Extracted entries:

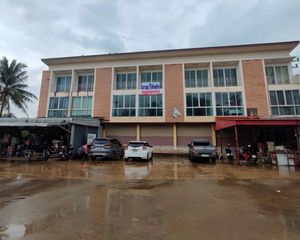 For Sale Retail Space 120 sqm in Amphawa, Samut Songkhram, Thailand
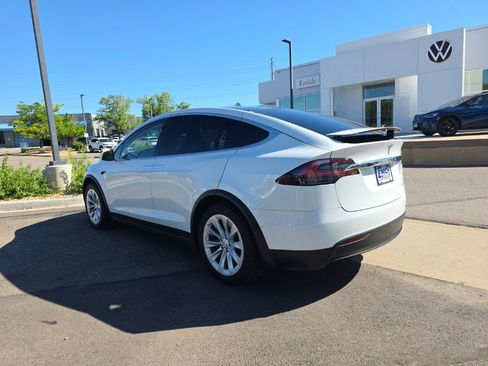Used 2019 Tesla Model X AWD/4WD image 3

...

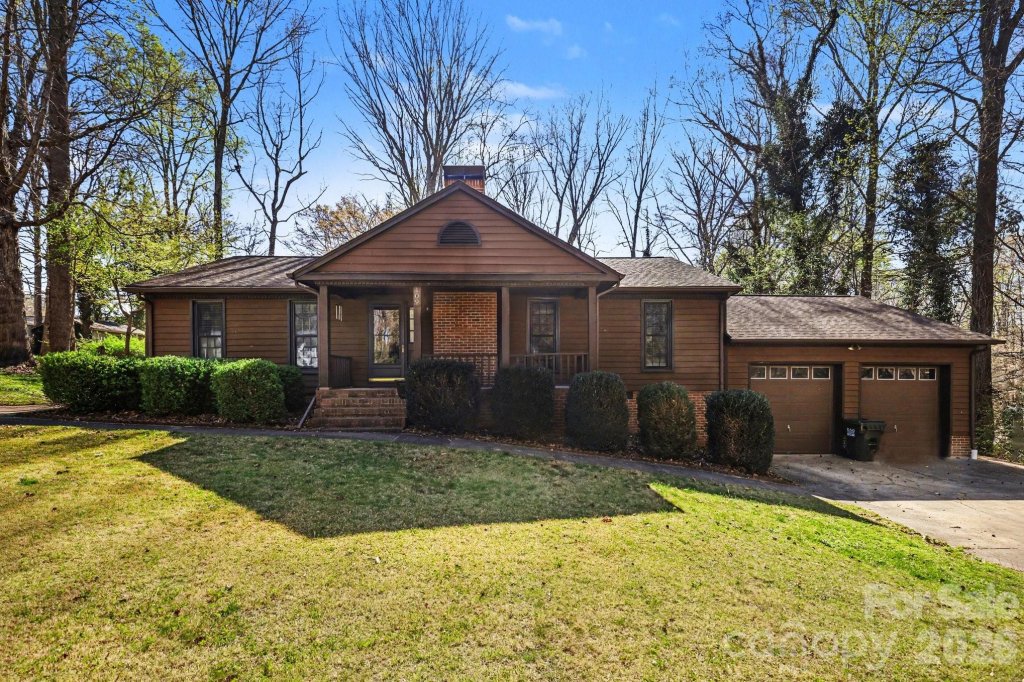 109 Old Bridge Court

==

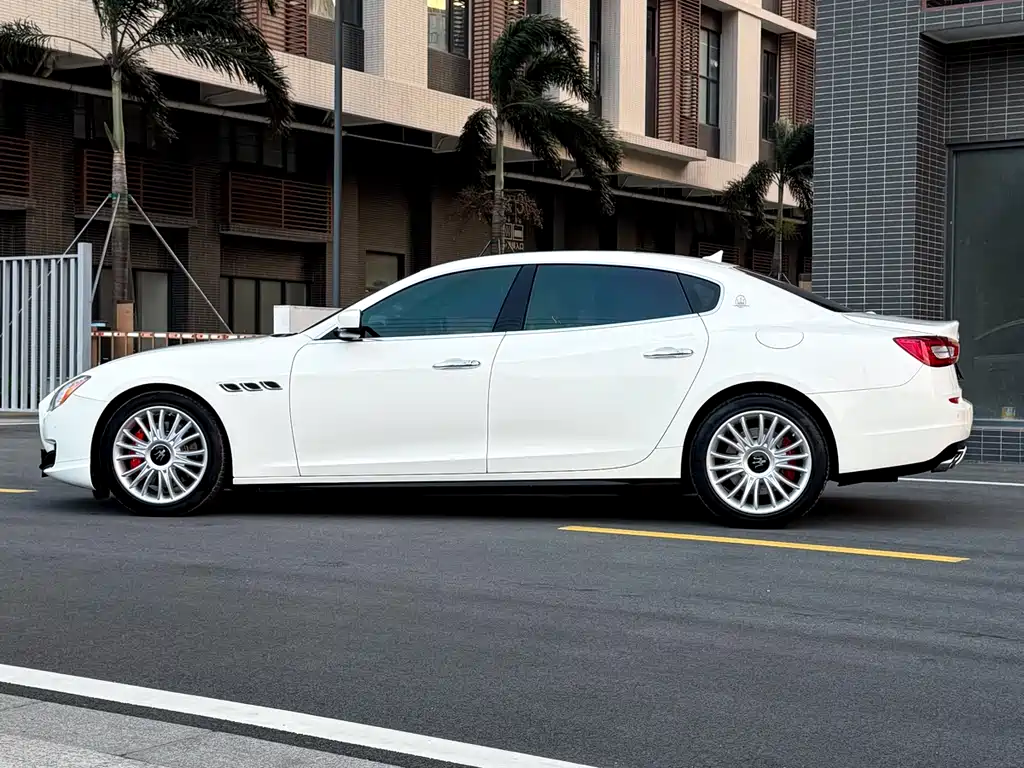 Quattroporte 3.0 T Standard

About this exercise:
Print, exactly and with no pictures, the lines of the listing above starting at the one that has "For Sale Retail" and ending at the one that has "Used 2019 Tesla Model X AWD/4WD image 3", both included.

Written solution:
 For Sale Retail Space 120 sqm in Amphawa, Samut Songkhram, Thailand
Used 2019 Tesla Model X AWD/4WD image 3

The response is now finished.